By the way, the changes in German tank strength also reflected certain battlefield lessons. That is, more infantry was needed to protect the increasingly bigger tanks from infantry assault. Had the Germans also reversed this notion and equipped infantry divisions with more armour, the poor Landser would have had a longer life expectancy. Your point is of course more important than mine.

[Fallschirmjäger were "specialized" infantry divisions and the other luftwaffe ground force divisions were still formed according to more traditional German patterns and principles. Nevertheless, the latter policy reflected Göring's power in Nazi-Germany more than just desperation.]
May 19th, 2006  
bush musketeer
getting wiped out seems to be pretty regular occurence.
a few well known ones for aussie forces are:
kakoda-buna-gona series of battles
august 16th 1942
2/14 battalion 24 officers and 577 other ranks
2/16 battalion 600 other ranks
2/27 battalion 28 officers and 560 other ranks
39th millitia battalion 300 men
december 9th when gona fell.
2/14 battalion 21 other ranks
2/16 battalion 8 officers and 48 other ranks
2/27 battalion 3 officers and 67 other ranks
39th millitia battalion 7 officers and 25 other ranks

1st world war 59th battalion at fluerbaix was reduced from 1000 men to 80 in a matter of minutes. that same night the 60th battalion had 56 men come back from there 1000 men that entered the battle.
the 5th Aussie divison as a whole lost 5533 out of its 6000 men.

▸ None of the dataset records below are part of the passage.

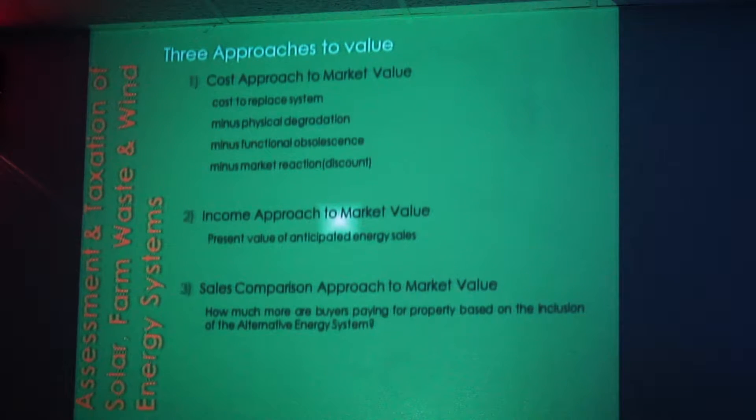For residential, the sales comparison approach is difficult. There are lots of studies, but most of them are for more southern locales than upstate New York. That's really the most important approach, and right now we just don't have enough data to rely on it. In theory, in a sales comparison you'd want a subdivision where homes are exactly alike, with ten sales having PV panels and ten without. That would be ideal, but it's never going to happen here. Most of these studies come from Arizona or California.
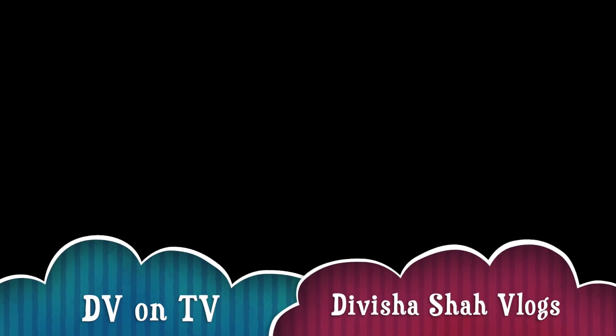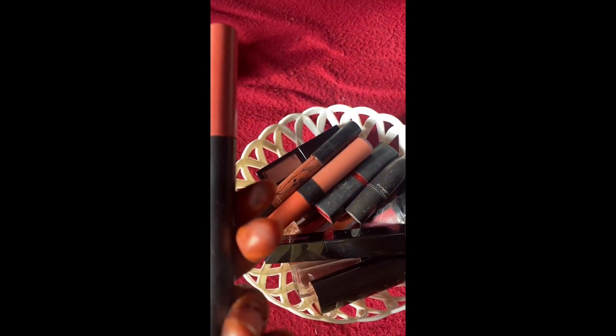Hi guys, welcome back to my channel DV on TV. So today we are going to see my lipstick collection. Those who know me, I know I have a lot of stock — a little bit of shock, but I have a lot of stock. So these are my lipsticks. Let's check them out one by one.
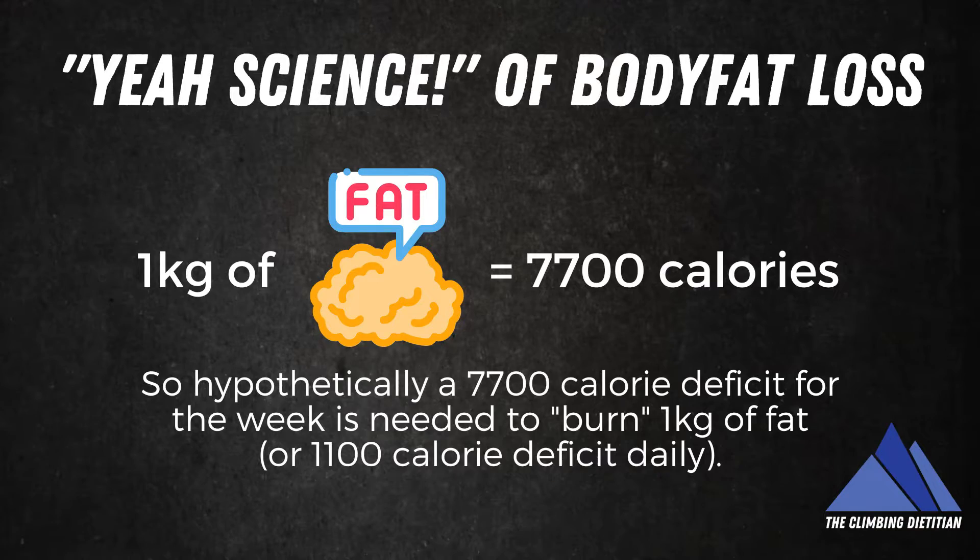One kilogram of body fat has roughly 7,700 calories. Therefore, to hypothetically lose one kilogram of body weight, you need to be burning off 7,700 calories. And if you wanted to lose one kilogram in a week, you'd have to be in a 7,700 calorie deficit for that week. In more practical terms, that could look like a 1,100 calorie deficit per day across a seven-day period.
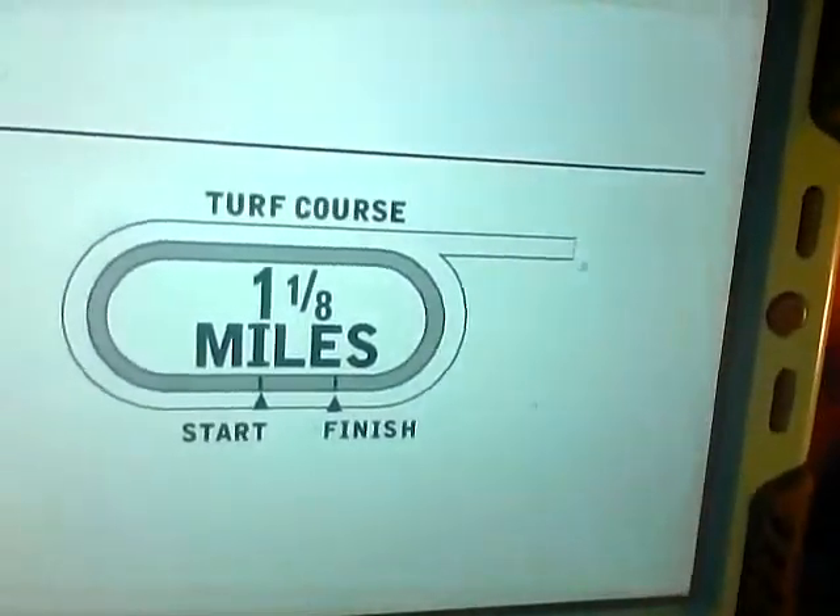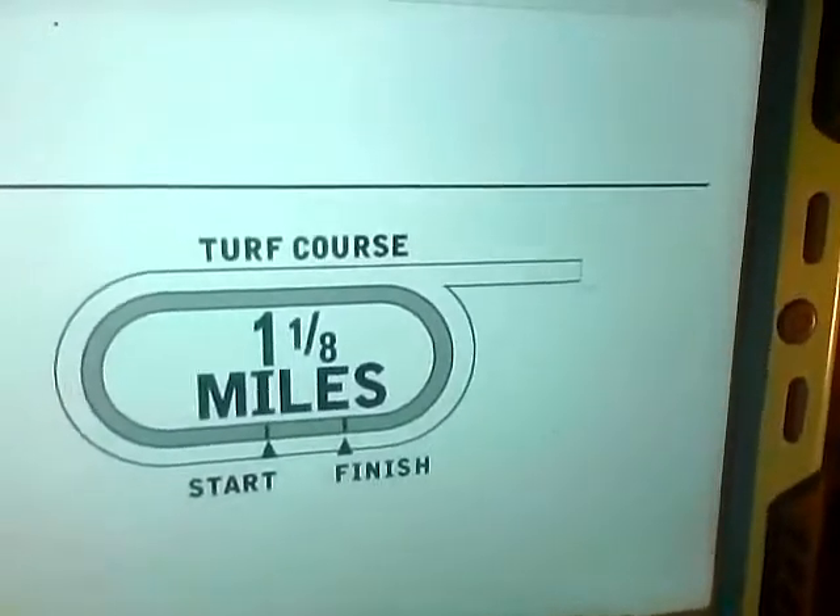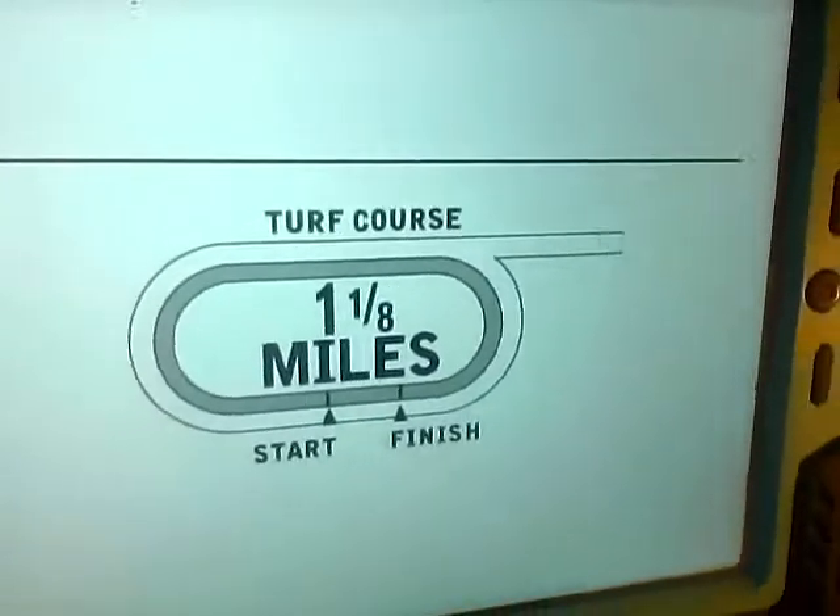That rail position might change, because they actually changed the rail for Wednesday's card — it was originally scheduled for 84 feet but switched to 96. So it might be 96 now. We have, like I said, 10 horses going to post.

at gallipoli the british collingwood battalion fought for 30 minutes in what was its first and last battle of the war. They returned from there fighting with 1 officer and 18 men.
May 20th, 2006  
In the American Civil War (1860's) there are several instances of companies, battalions, regiments, and at least one whole division losing combat effectiveness. I remember reading about a battalion of Union troops that fought in the Battle of the Wilderness being reduced to 3 men. And of course Gen. Pickett's division was utterly annilhated at the Battle of Gettysburg.
May 22nd, 2006  
Originally Posted by ghost457
In the American Civil War (1860's) there are several instances of companies, battalions, regiments, and at least one whole division losing combat effectiveness. I remember reading about a battalion of Union troops that fought in the Battle of the Wilderness being reduced to 3 men. And of course Gen. Pickett's division was utterly annilhated at the Battle of Gettysburg.
No offense, but Picketts division was not annilhated, certainly they had enormous losses -about 54% casualties- (that's actually when combined with Trimble and Pettigrew's men) but the use of the word "annilhated" suggests that they were totally wiped out. Many units during the ACW appeared to be destroyed due to the rudimentry battlefield communication only to surface later more or less intact. During the battle of Gettysburg, the 1st Minnesota suffered the greatest casualty rate for a Union regiment during the war, 215 out of 262 (about 82%) were killed or wounded. I am not familiar with the story of the Wilderness that you referenced - any more information?

Here is a link specific to the Pickett's Charge:
May 27th, 2006  
I remember reading about it in a book. Perhaps I can find it, but I believed it was called "Maps of the Civil War" or "Battlefields of the Civil War." And I am sorry, I thought that Pickett's division was totally destroyed as a division.

And isn't the 1st Minnesota the unit that assaulted a whole Rebel brigade to plug a hole in the line? I believe that it was General Hancock that asked the leader of this unit, "Do you see those colors? (pointing to Rebel flags) Then take them!" And that battalion commander ordered the charge.
May 27th, 2006  
It really depends on the size of the war. On the Eastern Front in WWII divisions were destroyed all the time. However in a war like the one being fought in Iraq it would be a big deal to lose a squad or even a fire team.